Au point de vue social, préparer et faciliter en France le rapprochement des classes par des lois équitables et par une série de mesures capables de donner au travailleur plus de garanties que le chômage et les accidents de toute sorte. Il est question depuis longtemps, et les pouvoirs publics semblent se préoccuper des moyens d’assurer des primes d’encouragement à la natalité dans les familles nécessiteuses, en établissant, à partir du deuxième ou du troisième enfant, une échelle dans la répartition de ces primes, de manière à enlever aux parents privés de ressources la triste perspective d’une gêne toujours croissante en proportion de leurs nouvelles charges.
Il est d’autres moyens, non moins importants, à employer, en vue de réparer les désastres causés par cette affreuse guerre. J’entends les moyens moraux, par l’affermissement du principe d’autorité dans l’Etat et dans la famille : dans l’Etat, par de sages institutions que la France a le droit d’attendre de ses mandataires, institutions invariablement fondées sur la Justice et le Droit, et conformes aux principes de Liberté, d’Egalité et de Fraternité qu’il faudrait traduire en actes et faire pénétrer au fond des cœurs.

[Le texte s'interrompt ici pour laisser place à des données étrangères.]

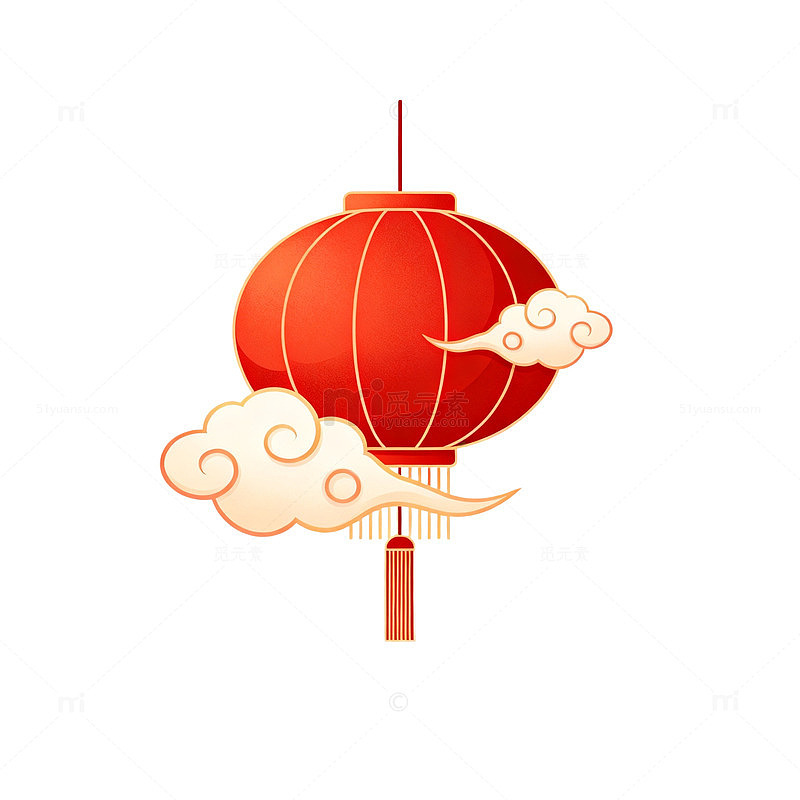 扁平风春节灯笼祥云插画设计素材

Dans la famille, par l’ascendant moral et le pouvoir de l’exemple, par la réforme progressive de certaines habitudes et de certaines tendances qui font que, par suite d’une condescendance regrettable, il n’est pas rare de voir, dans certains milieux, les enfants commander et les parents obéir…
Il serait souhaitable que l’enfant de nos campagnes apprît, dès son jeune âge, à se contenter de sa condition, à se plaire au milieu des siens, à ne pas trop chercher à se déraciner dans le séjour, malsain pour lui, des villes, à ne pas courir à la recherche des emplois, lorsqu’il peut trouver dans la maison paternelle, par sa volonté et son travail, une position meilleure et plus sûre… Il faudrait aussi qu’il se persuade que le vrai bonheur en ce monde réside pour chacun dans l’accomplissement de sa tâche journalière et dans la dignité de sa vie…

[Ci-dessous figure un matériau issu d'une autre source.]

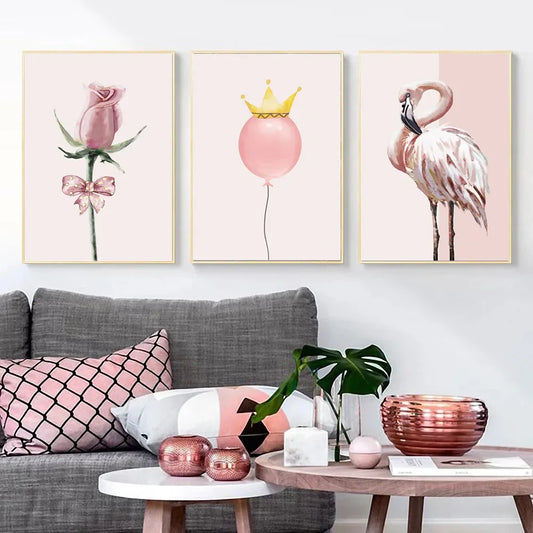 Toile d'art rose style Boho minimaliste, affiche et imprimés de plantes vertes tropicales, décor pour chambre de fille, salon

Dirai-je enfin qu’il est nécessaire d’éveiller de bonne heure et de développer en lui le sentiment religieux qui, dans tous les temps et chez tous les peuples civilisés, n’a cessé d’être considéré comme le plus solide fondement de la morale et la meilleure sauvegarde contre toutes les défaillances…

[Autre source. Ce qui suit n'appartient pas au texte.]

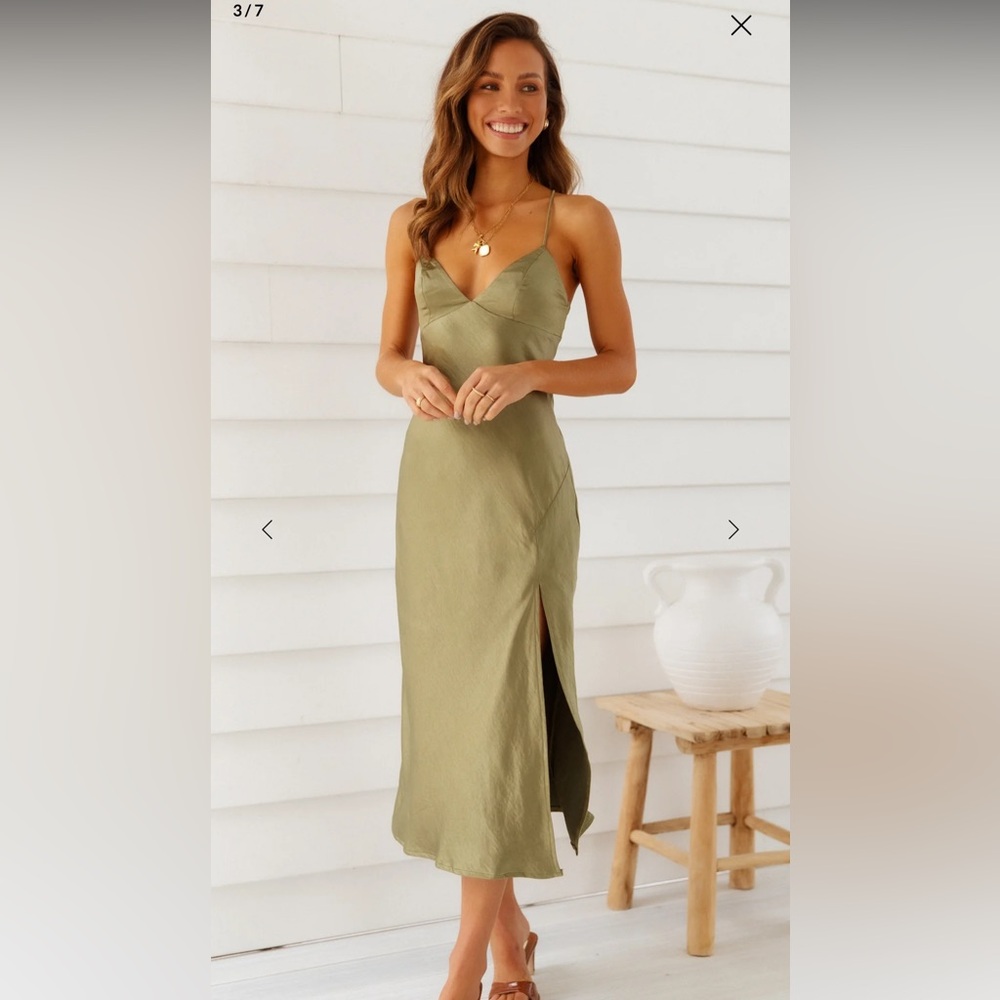 Hello Molly Green Sleeveless Midi Sundress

Dans ce court exposé, j’ai voulu simplement énoncer quelques idées et rappeler quelques principes dont l’application aurait sans doute pour effet de rendre notre patrie plus forte par le nombre et la vigueur de ses enfants et de la préserver, pour l’avenir, des entreprises criminelles d’un peuple de barbares jaloux de ses richesses et de sa splendeur, que, dans notre générosité innée, nous avons, en temps de paix, et malgré la dure leçon reçue de lui en 1870, trop facilement laissé s’infiltrer dans l’intérieur de notre territoire, pénétrer et s’établir dans l’enceinte de nos villes, et daigné admettre jusque dans l’intimité de nos foyers domestiques ».